Definition of parent and subsidiary company
In the modern world, business activity is carried out by businessmen with the help of a number of companies, thus forming groups that seek to optimize their activities by generating economies of scale by resorting to economic figures such as horizontal integration in which the efforts of several companies that carry out the same activity are added, or vertical integration in which the efforts of several companies that complement each other for the production of a certain good or the provision of a particular service are also added.
In this sense, economic groups have been created that are formed by a controlling company (or parent) and all its subsidiaries, for which different regulations have been made to define the transparency of the information provided to the market regarding the company, parents and subordinates, establishing the effects that derive from control situations.
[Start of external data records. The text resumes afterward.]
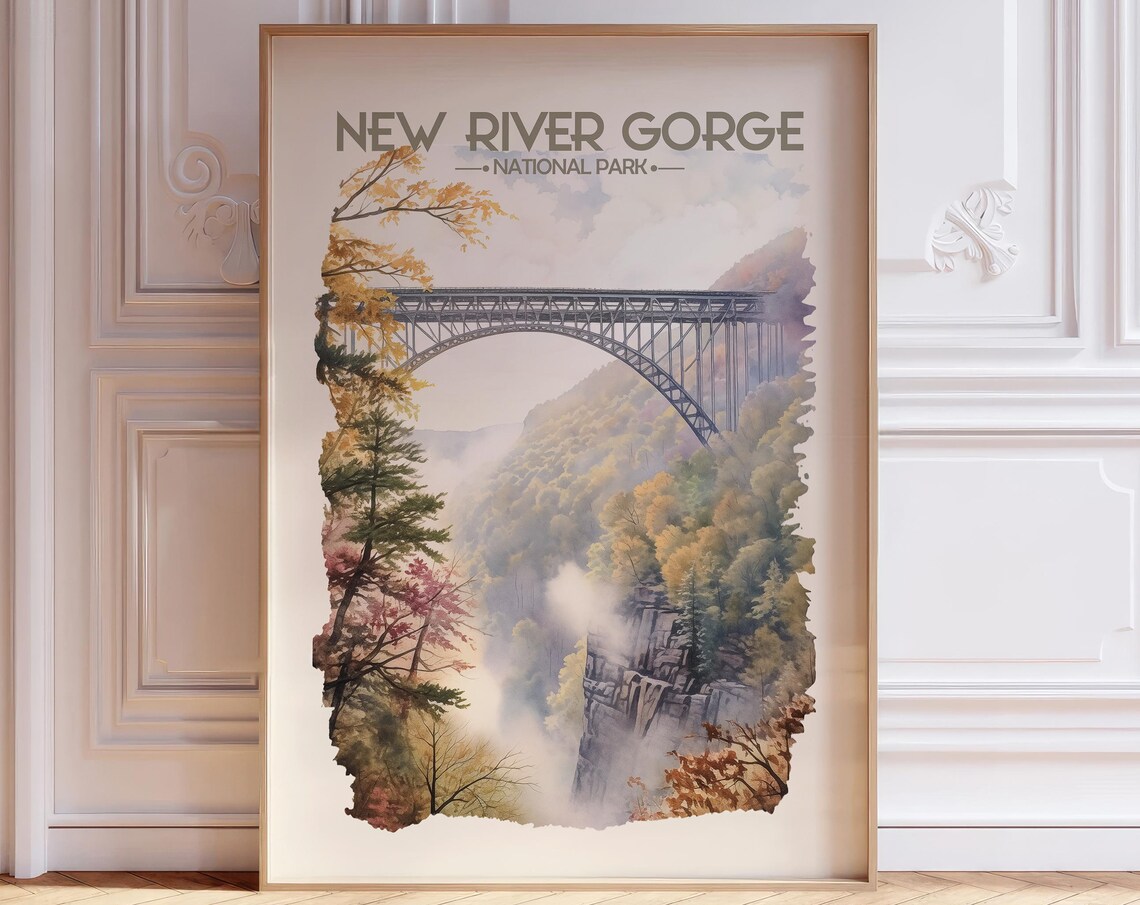 New River Gorge National Park Watercolor Travel Poster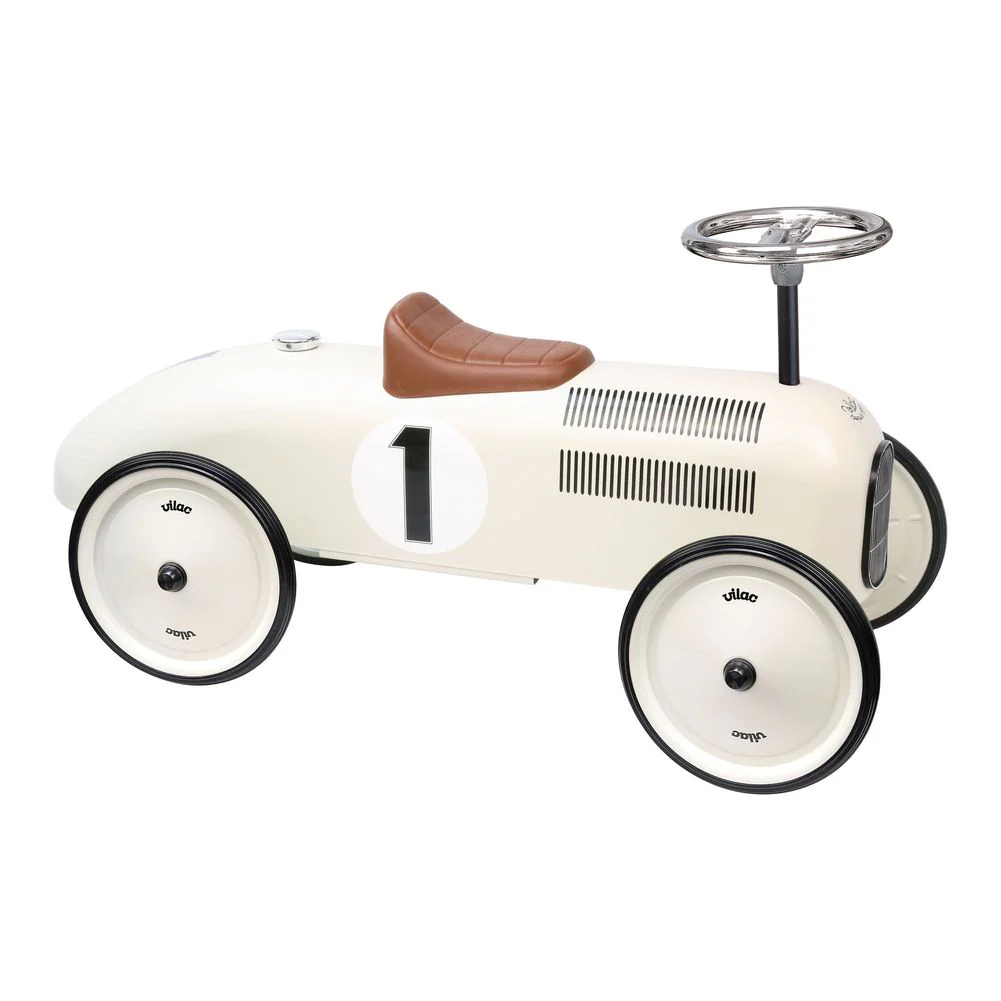 Vilac Ride-On Vintage Racing Car - White/Cream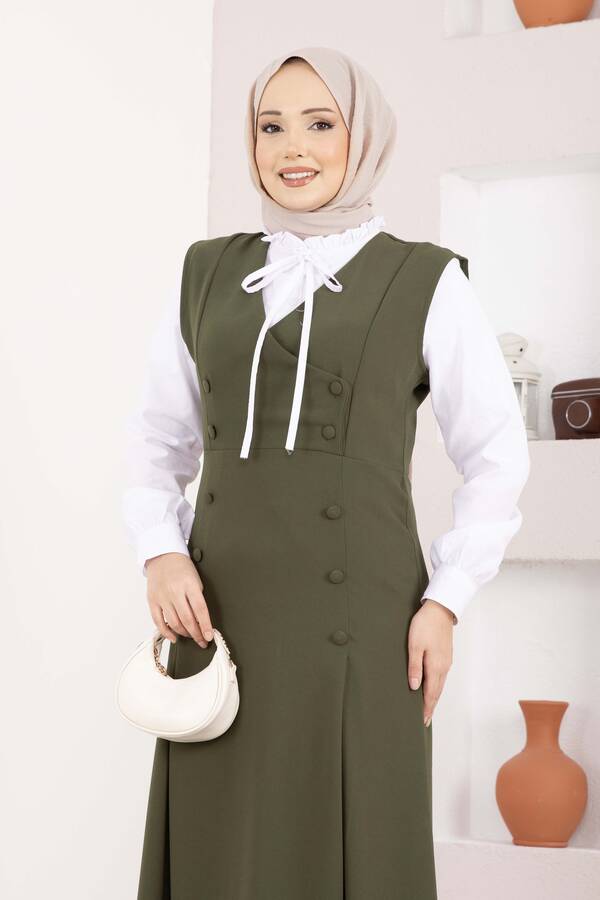 Asm - Zarif Gömlek & Düğmeli Jile İkili Takım Haki (1)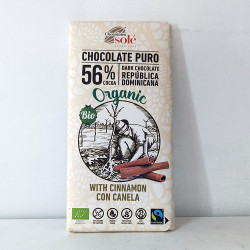 Xocolata Solé ecològic negra amb canyella 56% cacau, 100g.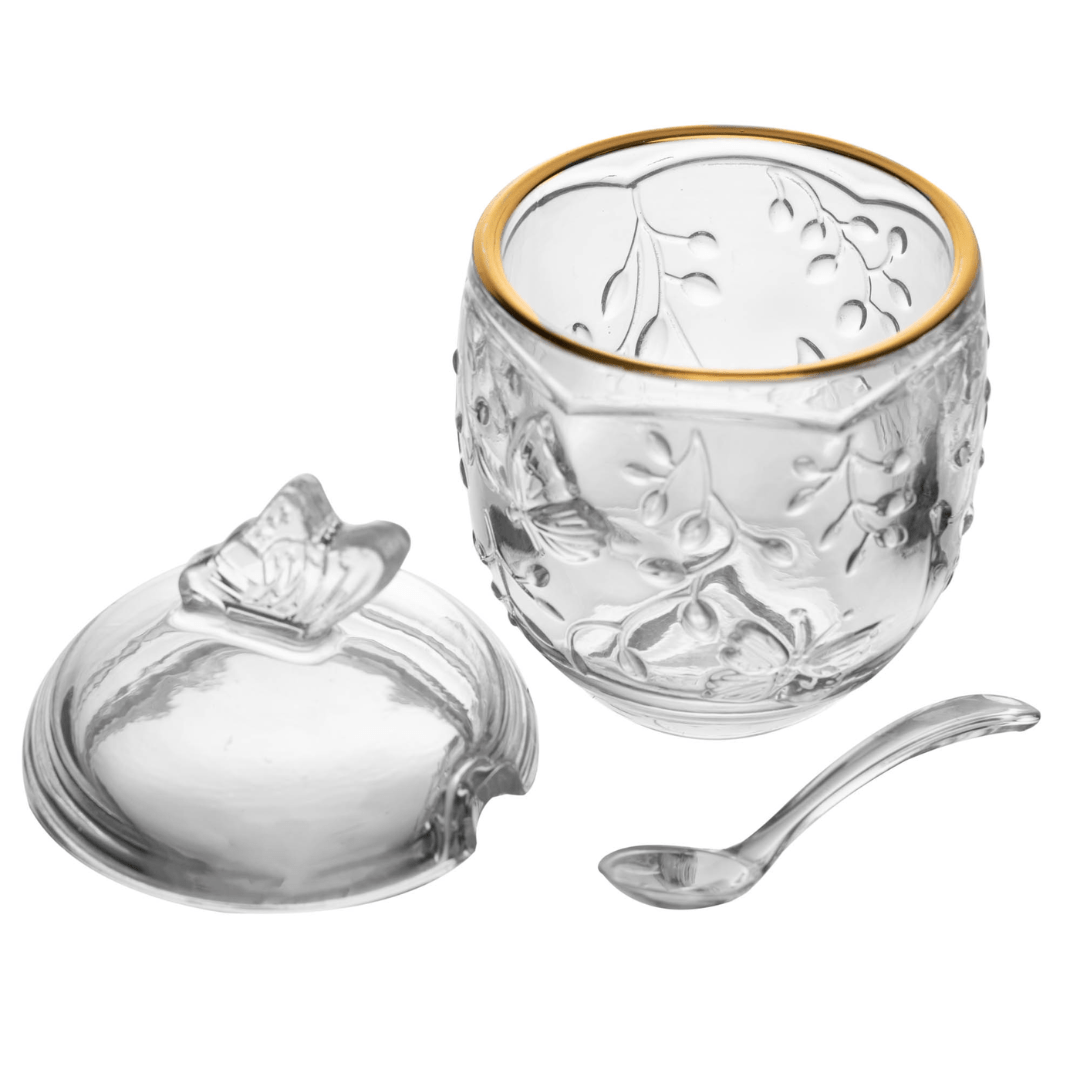 Açucareiro com Colher de Cristal New Butterfly com Fio de Ouro 250ml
Definition of parent company
The principle for defining when an entity is a parent is the control it has over an investee. Control is exercised when the decision-making power of a company is directly or indirectly subject to the will of one or more other persons; the controlling party is called the parent.
Definition of subsidiary
A company will be a subsidiary or controlled when its decision-making power is subject to the will of another or other persons who will be its parent or controller, either directly or indirectly, is called an affiliate or subsidiary.
Although the parent company can usually control most of the shares of the subsidiary companies, it allows it to take control and assume responsibility for all its decisions related to the financial and operational system.
What is control?
It is the power to direct the financial and operational policies of an entity, in order to obtain benefits from its activities.
An investor controls an investee when he is exposed to, or is entitled to, variable returns from his involvement in the investee, and has the ability to influence those returns through his power over the investee. In order to determine whether an investor controls an investee, the investor will assess whether all of the following elements are present:
- Power over the investee.
- Exposure, or entitlement, to variable returns from his or her involvement in the investee,
- The investor’s ability to use his or her power over the investee to influence the amount of income for that investor.
Presumptions of control
The majority participation in the capital of a company, i.e. when more than 50 % of the voting shares of a company are held.
When you have the votes of the minimum decision-making majority or the votes to elect the board of directors.
Contractual subordination that is presented by reason of an act or legal business with the controlled company and its partners, for example when there is a shareholders’ agreement exercises a dominant influence on the decision of its administrative bodies.
A parent company shall prepare consolidated financial statements using uniform accounting policies for transactions and other events that, although similar, have occurred in similar circumstances.
The valuation by holding companies of permanent investments in companies over which they exercise total control (controlled companies or subsidiaries) or significant influence on their decisions (related companies), as well as the recognition of the results produced by such investments, must be carried out following the equity method.